Contribution – Un ministère de la Défense ou seulement de l’ANP ?

ANP défense
Quel rôle pour l'ANP ? New Press

Par Bachir Medjahed – Un Front national intérieur (FNI) n’est pas un parti politique, mais une composante de la défense nationale qui avait fait l’actualité avant qu’il ne rejoigne le monde des amnésies. On en avait parlé durant la décennie 1980 et un décret avait même été signé. Le projet est revenu du monde des oublis durant la décennie 2010 et il est prêt à y retourner.

Le front intérieur a-t-il toujours sa place quand on sait que les guerres nouvelles sont plutôt des agressions durables et terriblement dévastatrices et déstabilisatrices ? Peut-être faudrait-il d’abord définir le concept de défense et en identifier toutes les composantes. Pour le moment, seul le chef d’état-major de l’ANP, à travers ses innombrables visites d’inspection, s’adresse aux unités de l’armée et aux populations en même temps à travers la presse et la revue El-Djeïch.

A partir de Tindouf et d’ailleurs, le chef d’état-major ne s’est pas trop étendu sur le contenu du concept de défense bien qu’il ait eu le mérite de n’en avoir pas fait l’économie. Lorsqu’un discours du représentant militaire le plus haut de l’armée est diffusé in extenso dans la presse et que cela se répète souvent, cela nous permet, à nous autres profanes, de mieux comprendre les missions de l’armée et ce qu’elle devrait faire pour les accomplir.

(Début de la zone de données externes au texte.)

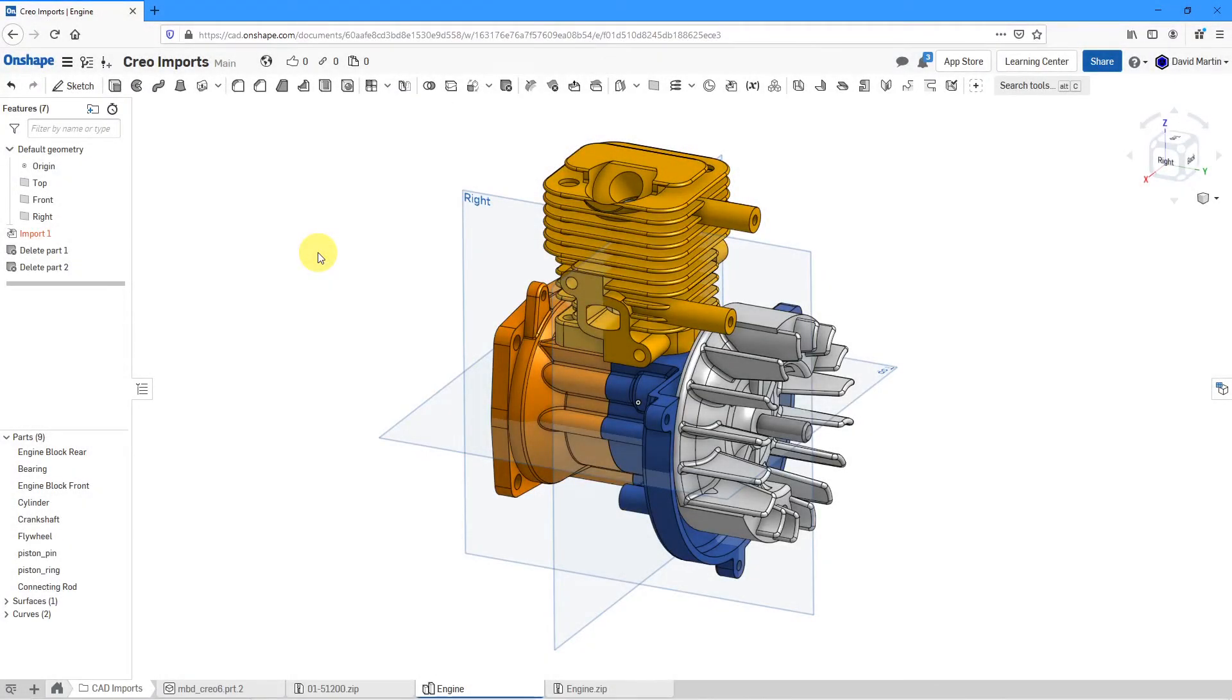In Onshape, the Group command allows you to locate components relative to each other in an assembly quickly and easily. Let's take a look at how to use that.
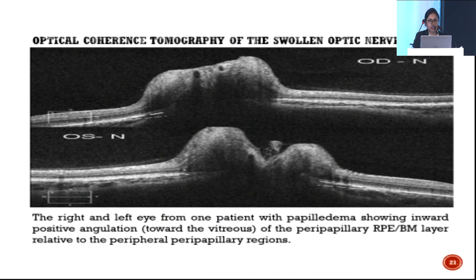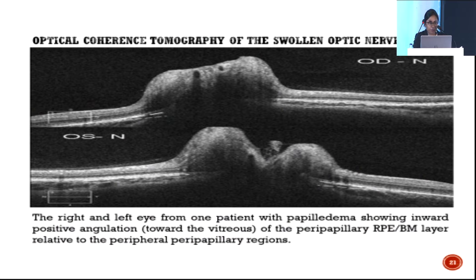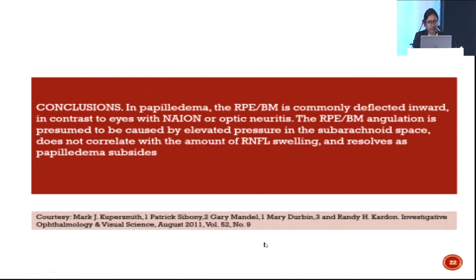The OCT of a swollen optic nerve head shows the RPE/Bruch's membrane line, which becomes deflected toward the vitreous in cases of papilledema, helping differentiate papilledema from optic disc drusen. Bruch's membrane angulation is presumed to be caused by elevated pressure in the subarachnoid space; it does not correlate with the amount of RNFL swelling and resolves as the papilledema subsides.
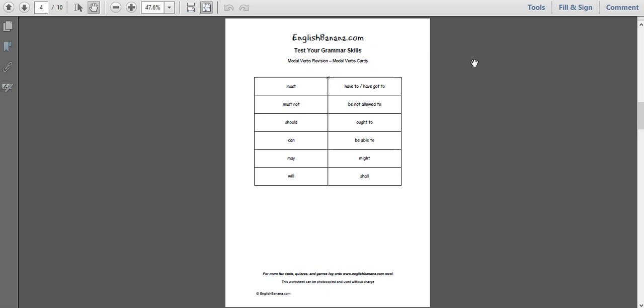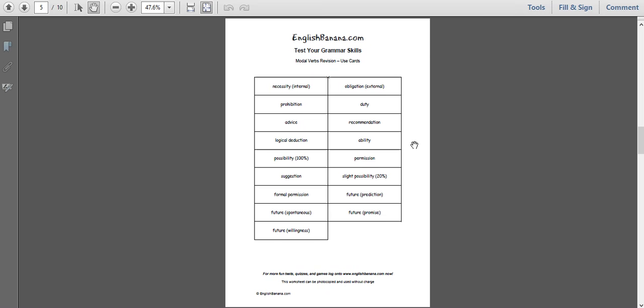Modal verbs tend to get looked at individually in units in course books - unit five it's must and have to, unit seven it's can and be able to or could. But it's nice to look at them all together; they are a really important group of auxiliary verbs in English. We've got modal verb cards here - you can cut them out or print them onto thick card. You could say to students: write down next to each one what the use is and then write an example, or match with the use card, which is exactly what's on the first page.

Si les changements opérés dans le corps de sécurité de l’armée ont représenté pour nous pratiquement des cours «grandeur nature» et banalisé des noms jusque-là inconnus, il nous reste maintenant à saisir les concepts utilisés. Qu’est-ce que la sécurité ? Qu’est-ce que la défense ? Qu’est-ce qu’un contrat de défense ? Qu’est ce qu’une coopération militaire ? Quelles sont les limites de la souveraineté nationale ? Qu’est-ce qu’un partenariat stratégique ? Quelle est l’implication de l’armée dans la sécurité intérieure ? S’agit-il de sécurité intérieure et de sécurité publique ? Autant de questions dont les réponses sont attendues pour mieux nous éclairer sur ceux qui nous protègent.

Le chef d’état-major rappelle sans cesse que l’armée est déterminée à éradiquer le terrorisme. Il n’y a pas de doute et, d’ailleurs, il ne peut y en avoir car la mission même de l’armée est de protéger les populations et les frontières. Sinon, à quoi servirait-elle ? Le chef d’état-major n’a eu de cesse de le répéter. C’est sa mission, lui également, de mener les troupes vers l’accomplissement de leurs missions constitutionnelles.

Mais s’il existe un chef d’état-major, celui-ci l’est-il exclusivement pour l’armée ? Or, il n’existe pas un ministère de l’Armée, c’est-à-dire de l’ANP. Par contre, Il existe un ministère de la Défense nationale. Et il n’y a pas exclusivement que l’armée à s’impliquer dans la défense dans le cas où le pays était agressé.

Outre la Sûreté et la Gendarmerie nationales qui sont impliquées dans la défense nationale, il y a bien de nouveaux corps armés désignés par des concepts nouveaux adaptés à une situation adaptée. C’est la Garde communale, ce sont les GLD, les Patriotes qui se composent bien d’hommes armés par l’Etat, et sûrement que l’armée a donné son accord.

Devrait-il y avoir seulement pour l’armée un chef d’état-major ? Sans doute que les autres corps doivent avoir le leur et que les interventions de tous doivent être coordonnées et non pas éparpillées.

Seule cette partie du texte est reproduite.